Tuning Linux VM swapping
Lank writes "Kernel developers started discussing the pros and cons of swapping to disk on the Linux Kernel mailing list. KernelTrap has coverage of the story on their homepage. Andrew Morton comments, 'My point is that decreasing the tendency of the kernel to swap stuff out is wrong. You really don't want hundreds of megabytes of BloatyApp's untouched memory floating about in the machine. Get it out on the disk, use the memory for something useful.' Personally, I just try to keep my memory usage below the physical memory in my machine, but I guess that's not always possible..."
"You really don't want hundreds of megabytes of BloatyApp's untouched memory floating about in the machine. Get it out on the disk, use the memory for something useful."
I absolutely despise the way that XP swaps out applications in order to make the disk cache larger. I have 1GB of RAM on my machine precisely so I don't have to wait two minutes for it to swap my web browser back in after it's swapped out... yet if I copy a 2GB file from one drive to another, the stupid operating system will swap out all the applications it can just to make the cache larger.
Please, please, don't take Linux down the same braindead route as Microsoft has done for XP. It's utterly insane to swap out my browser so that a 2GB file can be copied two seconds faster when I then have to wait two minutes for the browser to swap back in. Or at least provide some kind of '#define STOP_VM_SWAPPING_STUPIDITY' so that I can disable it.
She had just procured a new Sun machine with 2 GB of RAM. Mind you, disk space hadn't grown all that significantly and you could still get machines with 9 GB drives.
The original practice was to make swap 2xRAM. So when the student she had putting the machine came to her and said, "What do I make swap?" she responded "Twice the RAM."
He said, "Are you sure? That's like almost half the boot drive."
She thought about it for a second and said, "Oh, yeah. I guess just make it the same as the RAM."
So this begs the questions: What do you make your swap now? When does your rule of thumb change? And remember when you could run a "fast" linux box on a P100 with 64MB of RAM and 128MB of swap?
I talk about stuff.
Personally, I just try to keep my memory usage below the physical memory in my machine, but I guess that's not always possible..."

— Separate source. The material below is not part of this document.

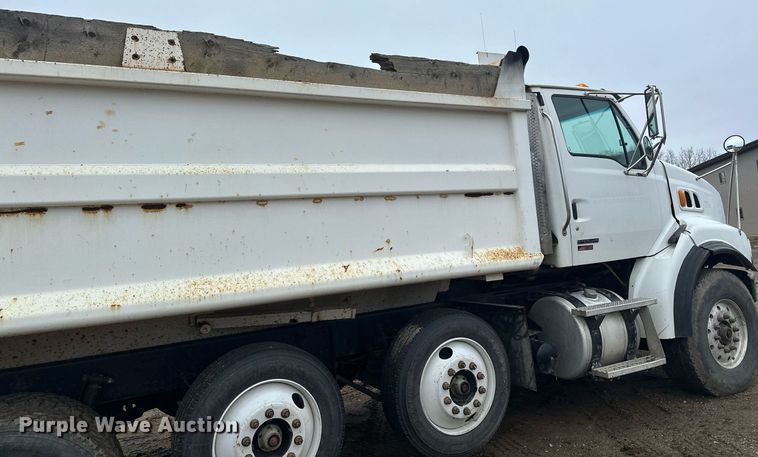 image for item LO9306 2005 Sterling L9500  dump truck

No it isn't possible. With today's RAM prices I almost always have more physical RAM than the system requires. But, due to aggressive VM swapping there are still hundreds of megs swapped out to disk when there is no need at all. This means that those applications, when their time does finally come, are slow because they must be retrieved from disk first. It's really annoying sometimes. Yet, even with excess RAM turning off swap is disasterous.
I think developers could do more at a library level. For example.....dare I suggest using common sub libraries within libraries, that is people like KDE and GTK get thier heads together and say "are thier functions we include in our libraies that could just as well be linked to an underlying library?"

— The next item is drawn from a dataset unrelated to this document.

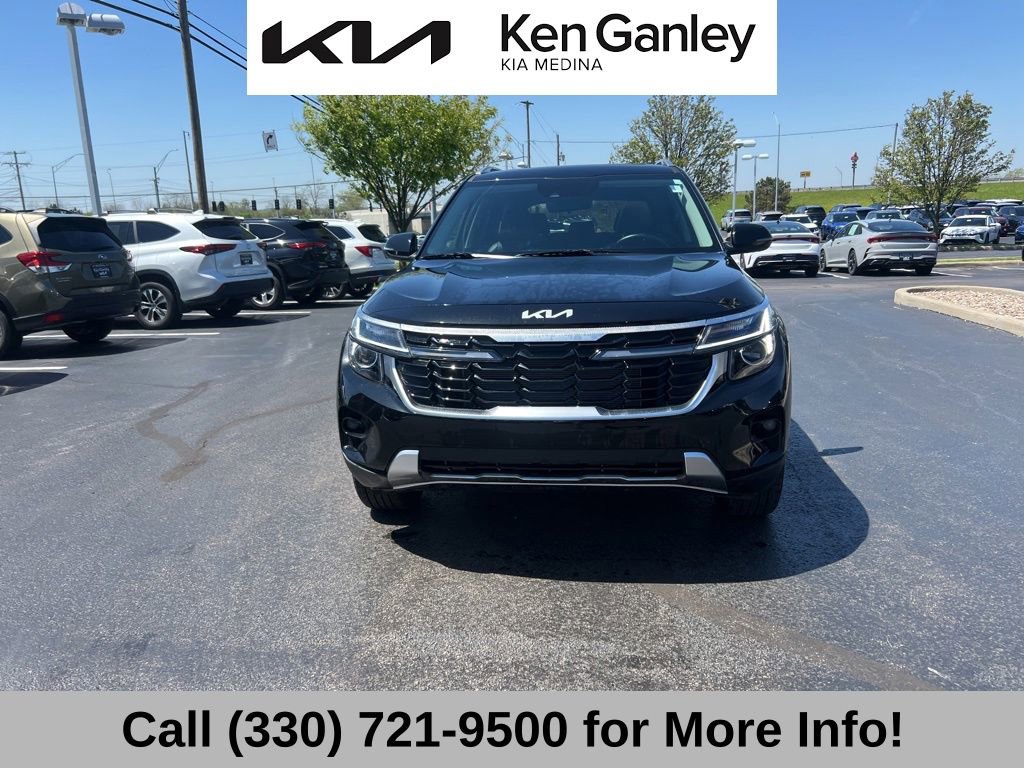 Certified 2025 Kia Seltos EX w/ EX Sunroof Package AWD/4WD image 4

And if you thought that was boring you obviously havn't read my Journal ;-)
Another reason to gradually and pro-actively swap things out, is that when another program later needs a lot of memory, your system doesn't come to a grinding halt because suddenly a lot of stuff has to be swapped out at once (followed by zeroing all that memory, since you don't want to have one program leaking data to another).
At least, that's the rationale I've read behind OS X's strategy of swapping things out long before all physical memory is used (and of keeping a pool of zeroed memory pages ready to fulfill most requests). Note that this does not require superfluous swap-ins if your reuse strategy is balanced properly, as the fact that something is swapped out doesn't mean that the memory which contained that data will be cleared/reused immediately (i.e., if it's needed again shortly afterwards, that page can be reactivated without having to go to disk).
Under most desktop OS'es, programs can even give some hints to the system regarding their usage of a memory region using e.g. the madvise() system call.
Donate free food here
In modern Unices (including Linux) last I heard, the sticky bit is ignored since everything is simply demand paged.
Could not sticky bit be revived with some similar meaning? As in, "don't be too keen on paging these out?"
I dont mind the kernel swapping out "old" stuff to grow a huge disk cache. Really, thats OK, it makes things faster for disk hungry processes allright.
However, what I mind is the fact that the pages that are swapped out STAY there!
Why not aging the disk cache the same way the RAM pages are aged ? On an idle machine, the disk cache would gradualy decay and be replaced by the pages back from the swap, and the machine would be all responsive again.
It means that if the user leaves for lunch and a cron wants to eat all the disk, with some luck, when the user gets back, his machine is as responsive as it was when he left.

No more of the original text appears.